ACTIVITY »
The expected answer holds every line from the first line of the data below through the line containing "Tiered Flush Chandelier", exactly as written, and no other line.

RECORDS FOR THIS TASK »
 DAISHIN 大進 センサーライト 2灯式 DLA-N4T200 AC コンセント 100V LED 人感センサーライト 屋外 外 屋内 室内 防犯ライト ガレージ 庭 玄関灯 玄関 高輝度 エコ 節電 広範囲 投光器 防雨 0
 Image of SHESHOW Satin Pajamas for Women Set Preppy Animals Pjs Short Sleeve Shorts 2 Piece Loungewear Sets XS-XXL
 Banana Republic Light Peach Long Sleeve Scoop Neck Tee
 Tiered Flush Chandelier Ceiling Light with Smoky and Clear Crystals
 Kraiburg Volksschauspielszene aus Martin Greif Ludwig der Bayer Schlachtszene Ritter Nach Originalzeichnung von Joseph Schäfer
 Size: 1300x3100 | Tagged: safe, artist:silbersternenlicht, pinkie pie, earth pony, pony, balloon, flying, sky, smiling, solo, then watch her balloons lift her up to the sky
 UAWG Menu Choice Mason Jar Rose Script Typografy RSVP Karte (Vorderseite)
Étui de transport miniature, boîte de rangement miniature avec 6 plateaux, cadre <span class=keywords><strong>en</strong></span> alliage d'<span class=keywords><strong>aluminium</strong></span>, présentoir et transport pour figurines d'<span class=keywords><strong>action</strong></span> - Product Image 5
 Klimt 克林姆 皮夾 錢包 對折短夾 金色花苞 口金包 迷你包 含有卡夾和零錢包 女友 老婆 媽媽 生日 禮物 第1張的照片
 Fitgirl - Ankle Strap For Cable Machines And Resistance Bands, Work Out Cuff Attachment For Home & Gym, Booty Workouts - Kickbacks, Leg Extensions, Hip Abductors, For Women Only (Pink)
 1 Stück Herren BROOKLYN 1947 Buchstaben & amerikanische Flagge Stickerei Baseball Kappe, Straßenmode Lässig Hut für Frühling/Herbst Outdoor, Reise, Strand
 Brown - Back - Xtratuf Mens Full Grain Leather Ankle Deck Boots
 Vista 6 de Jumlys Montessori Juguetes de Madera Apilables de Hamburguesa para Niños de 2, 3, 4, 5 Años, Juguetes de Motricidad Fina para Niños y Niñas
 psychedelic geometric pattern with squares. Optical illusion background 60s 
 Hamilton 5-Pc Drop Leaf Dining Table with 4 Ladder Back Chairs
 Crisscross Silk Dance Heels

ANSWER BELOW »
 DAISHIN 大進 センサーライト 2灯式 DLA-N4T200 AC コンセント 100V LED 人感センサーライト 屋外 外 屋内 室内 防犯ライト ガレージ 庭 玄関灯 玄関 高輝度 エコ 節電 広範囲 投光器 防雨 0
 Image of SHESHOW Satin Pajamas for Women Set Preppy Animals Pjs Short Sleeve Shorts 2 Piece Loungewear Sets XS-XXL
 Banana Republic Light Peach Long Sleeve Scoop Neck Tee
 Tiered Flush Chandelier Ceiling Light with Smoky and Clear Crystals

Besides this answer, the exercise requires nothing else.